Gempa bumi berkekuatan 6,2 skala Richter mengguncang Istanbul, Turkiye, Rabu (23/4/2025) pukul 12.49 waktu setempat, atau sekitar pukul 17.49 WITA. Guncangan terasa luas, memicu gelombang kepanikan di kota metropolitan yang dihuni lebih dari 16 juta jiwa.
Menurut Badan Penanggulangan Bencana Turkiye (AFAD), pusat gempa berada di Laut Marmara—hanya 40 kilometer dari Istanbul, dengan kedalaman 10 km. Guncangan terasa hingga ke kota-kota jauh seperti Izmir dan Bursa, bahkan memicu gempa susulan bermagnitudo 5,3.
Ironisnya, gempa ini terjadi bertepatan dengan Hari Anak Nasional, saat banyak keluarga dan anak-anak sedang berada di luar rumah. Akibatnya, lebih dari 151 orang terluka karena kepanikan—bukan oleh reruntuhan bangunan, melainkan aksi panik seperti melompat dari balkon atau terburu-buru keluar dari gedung.
Belum ada laporan mengenai korban jiwa, dan Warga Negara Indonesia (WNI) di Istanbul dilaporkan selamat. Menurut Duta Besar RI Achmad Rizal Purnama, sejauh ini tidak ada WNI yang menjadi korban. Konsulat Jenderal RI di Istanbul mencatat ada 1.707 WNI tinggal di kota tersebut.

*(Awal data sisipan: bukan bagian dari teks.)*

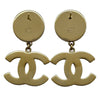 シャネル CHANEL ココマークピアス ホワイト/ブラック メッキ アクセサリー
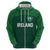 Custom Ireland Rugby Go Shamrocks Zip Hoodie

Guncangan menyebabkan pemadaman listrik dan gangguan internet di sejumlah wilayah. Banyak warga memilih bermalam di ruang terbuka—taman kota, lapangan sekolah, hingga tenda-tenda darurat—sebagai bentuk kesiapsiagaan menghadapi gempa susulan.
Presiden Recep Tayyip Erdoğan menyampaikan rasa syukur karena tidak ada kerusakan besar, namun mengajak rakyat tetap waspada. Sebab, bencana alam tak hanya soal statistik, tapi juga soal kesiapan kolektif dan empati lintas batas.
Bagi kita di Indonesia, negeri yang tak asing dengan getaran gempa, peristiwa di Istanbul adalah pengingat bahwa alam tidak tunduk pada perayaan manusia. Ia datang kapan saja, dan yang bisa kita lakukan adalah membangun budaya siaga, bukan sekadar reaktif.